- PROBLEM STATEMENT: Leaving out every picture, output the records below exactly as they are.

--- RECORDS FOR PROCESSING ---

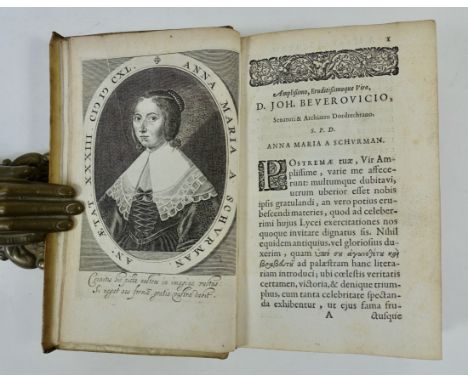 SCHURMAN, A.M. à. Opuscula Hebraea, Graeca, Latina, Gallica: Prozaica &amp; Metrica. Ed. 2a, auctior &amp; emend. Leyden, Ex 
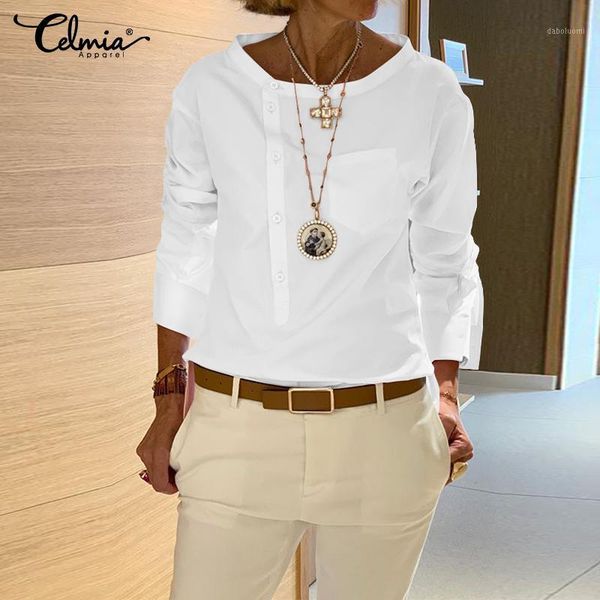 

5xl fashion shirt 2020 autumn long sleeve buttons casual blouses celmia women's tunic casual loose solid blusas femininas 71, White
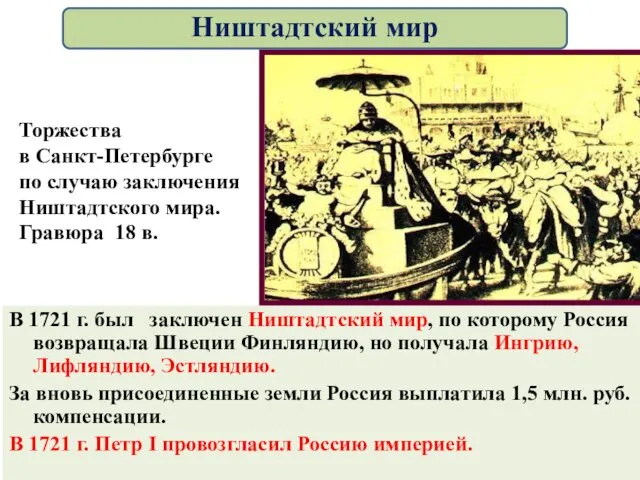 В 1721 г. был заключен Ништадтский мир, по которому Россия возвращала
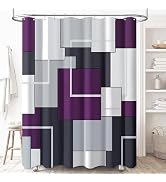 BTTN Purple Fabric Shower Curtain, Modern Geometric Neutral Cloth Shower Curtain Set with Plastic...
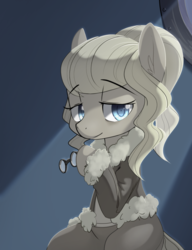 Size: 613x800 | Tagged: safe, artist:aymint, oc, oc only, oc:rem, northern excursion, clothes, coat, crepuscular rays, glasses, hoof hold, jacket, looking at you, ponytail, sitting, solo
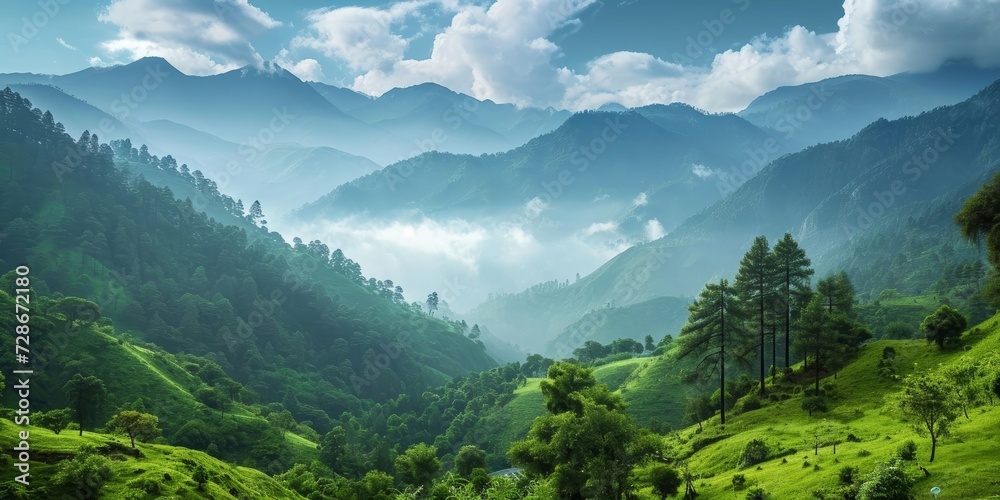 scenic landscape of Country, the lush green mountains adorned with towering trees and pine woods, stand as a testament to the natural wonders of the sky-kissed wilderness, explorers, Generative AI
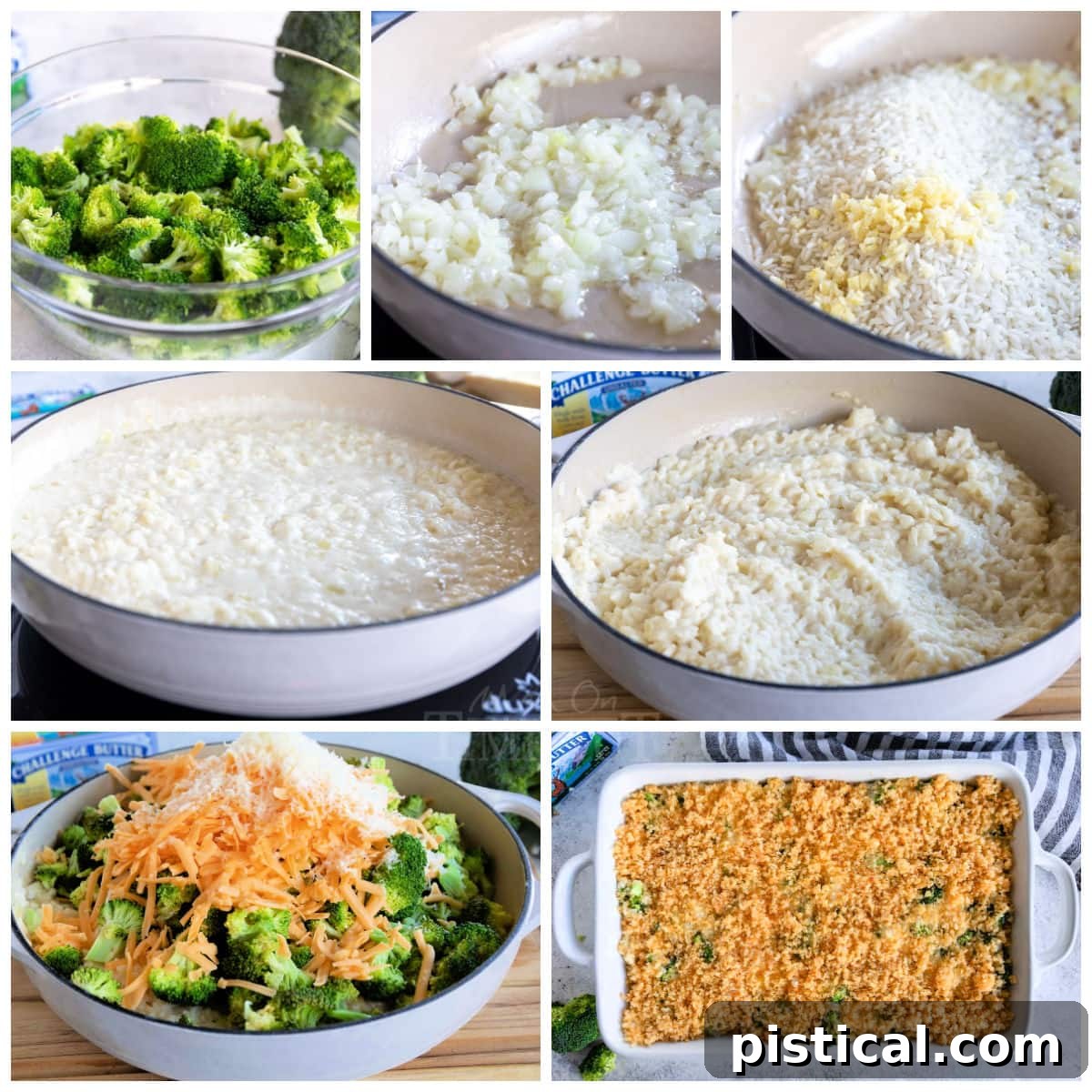 seven image collage showing how to make broccoli rice casserole.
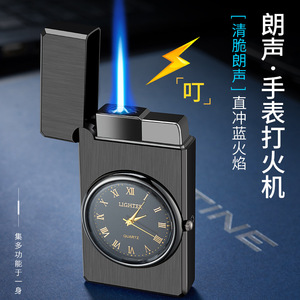 Lighter With Quartz Watch <b>Clock</b> Portable Butane Windproof Business Gifts Multiple Colors Available - Product Image 1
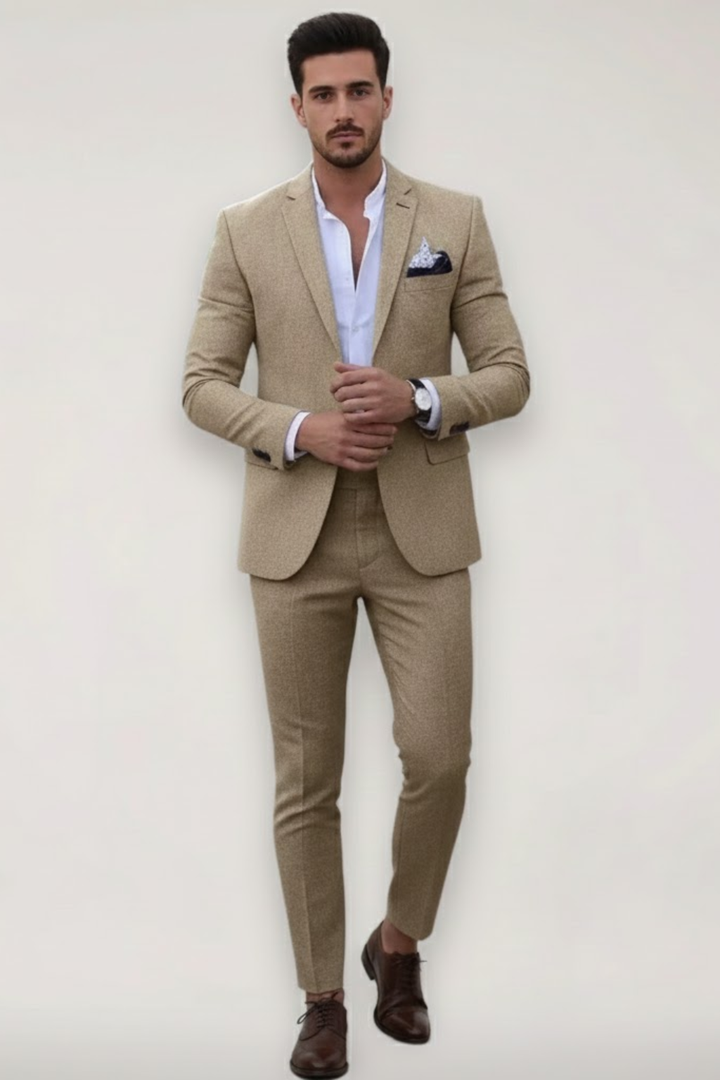 Men's slim fit spring suit set, lightweight two-piece for formal wear or business attire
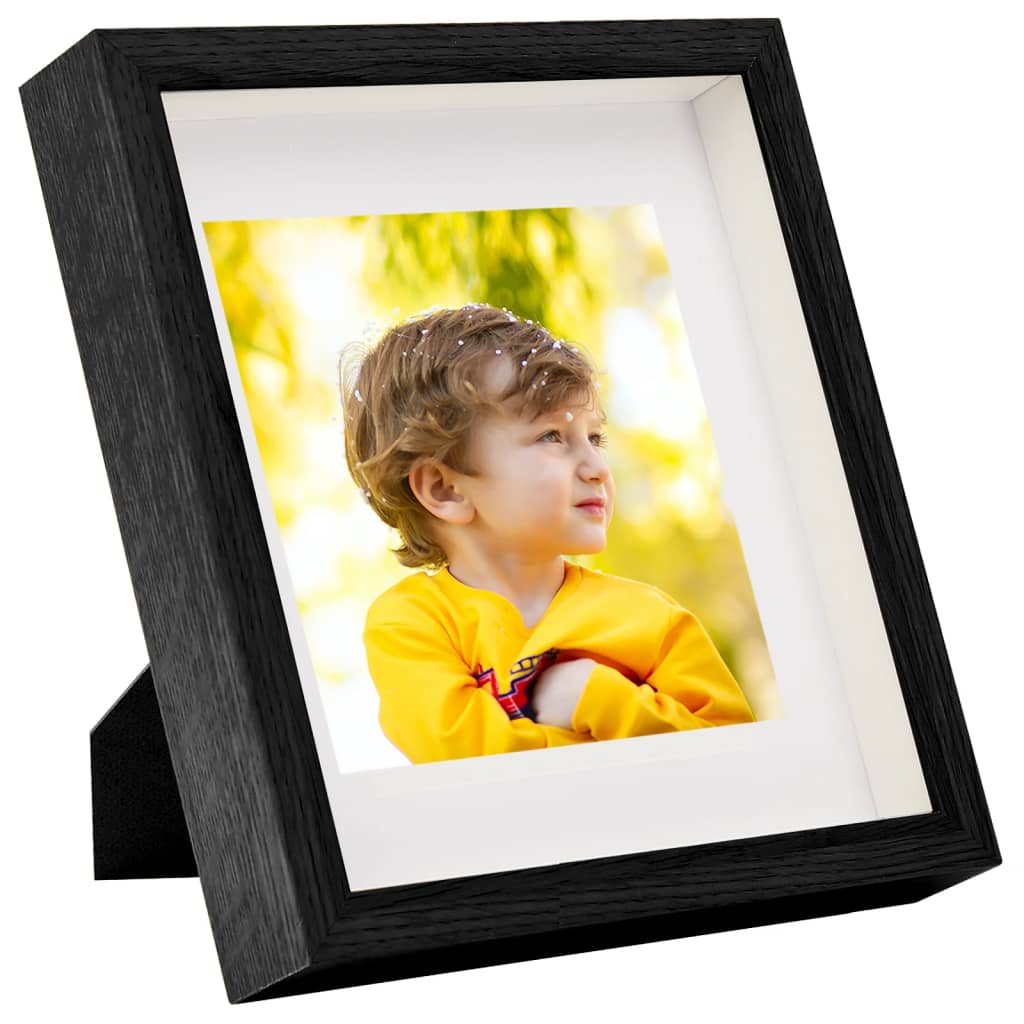 3D box picture frame 3 pieces black 23x23cm for 13x13cm picture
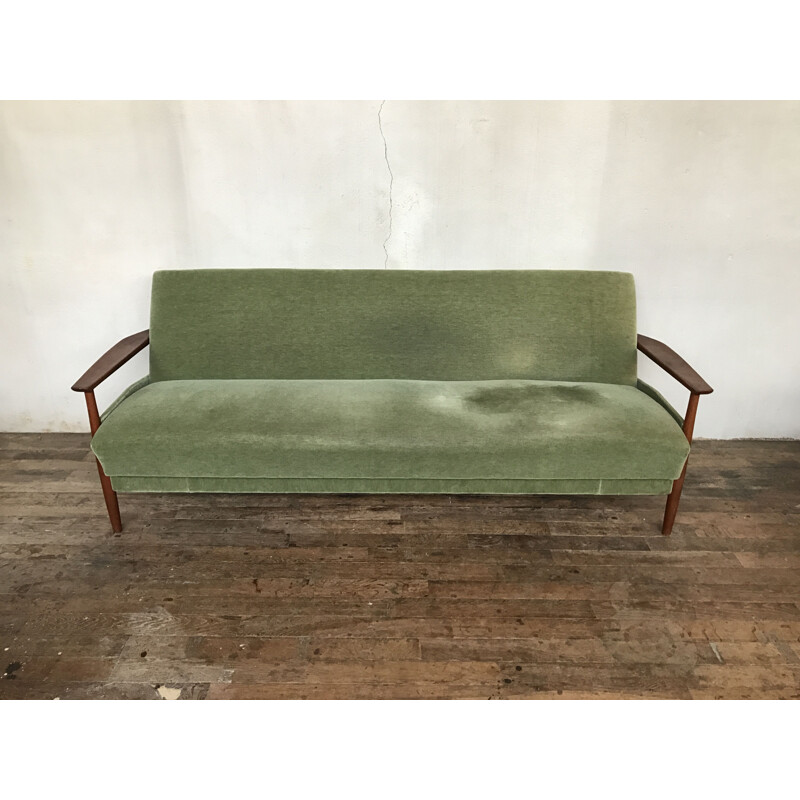 Vintage Scandinavian green vintage sofa in teak 1960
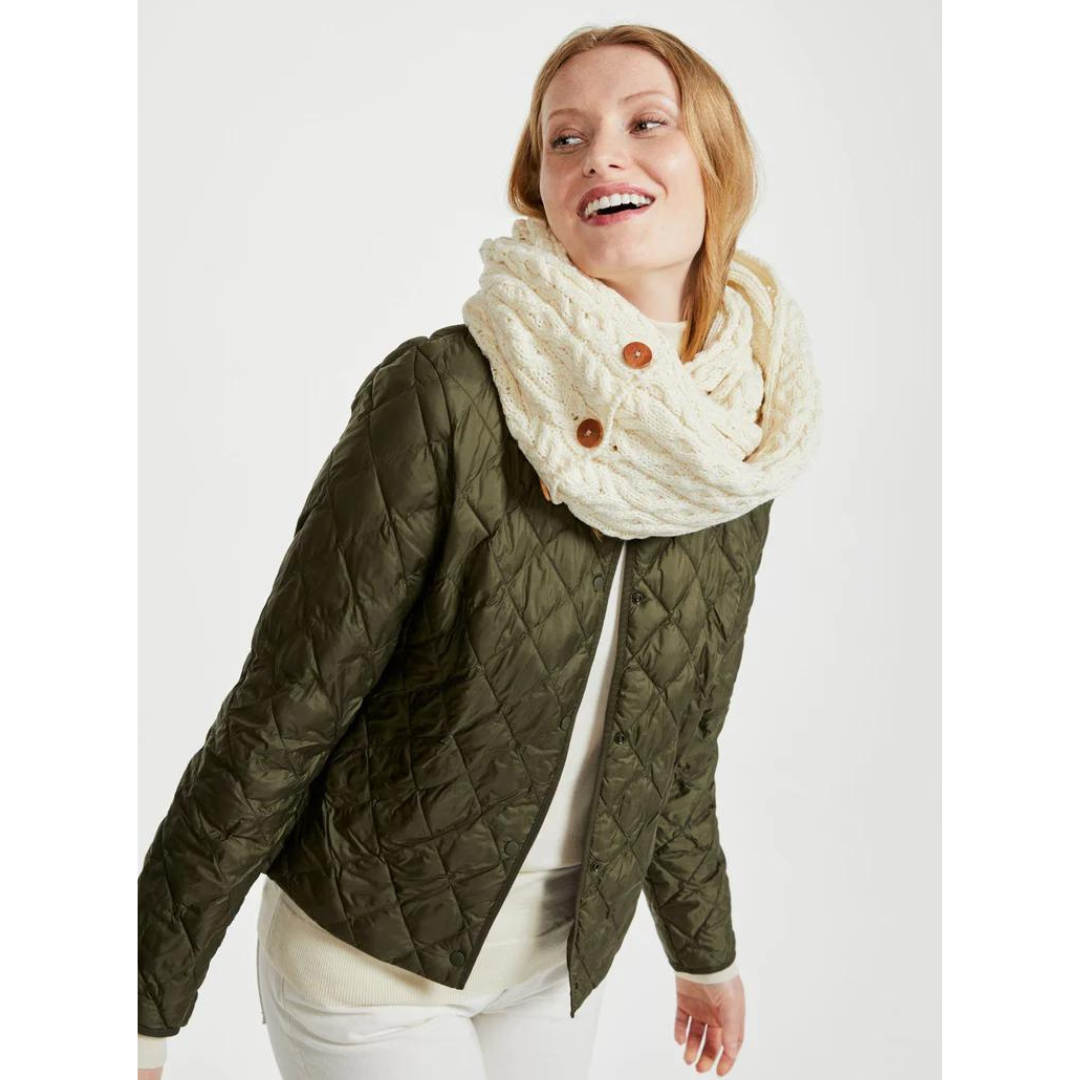 Ladies Buttoned Aran Natural Snood Scarf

---

- SOLUTION TO THIS EXERCISE:
 SCHURMAN, A.M. à. Opuscula Hebraea, Graeca, Latina, Gallica: Prozaica &amp; Metrica. Ed. 2a, auctior &amp; emend. Leyden, Ex 

5xl fashion shirt 2020 autumn long sleeve buttons casual blouses celmia women's tunic casual loose solid blusas femininas 71, White
 В 1721 г. был заключен Ништадтский мир, по которому Россия возвращала
 BTTN Purple Fabric Shower Curtain, Modern Geometric Neutral Cloth Shower Curtain Set with Plastic...
 Size: 613x800 | Tagged: safe, artist:aymint, oc, oc only, oc:rem, northern excursion, clothes, coat, crepuscular rays, glasses, hoof hold, jacket, looking at you, ponytail, sitting, solo
 scenic landscape of Country, the lush green mountains adorned with towering trees and pine woods, stand as a testament to the natural wonders of the sky-kissed wilderness, explorers, Generative AI
 seven image collage showing how to make broccoli rice casserole.
 Lighter With Quartz Watch <b>Clock</b> Portable Butane Windproof Business Gifts Multiple Colors Available - Product Image 1
 Men's slim fit spring suit set, lightweight two-piece for formal wear or business attire
 3D box picture frame 3 pieces black 23x23cm for 13x13cm picture
 Vintage Scandinavian green vintage sofa in teak 1960
 Ladies Buttoned Aran Natural Snood Scarf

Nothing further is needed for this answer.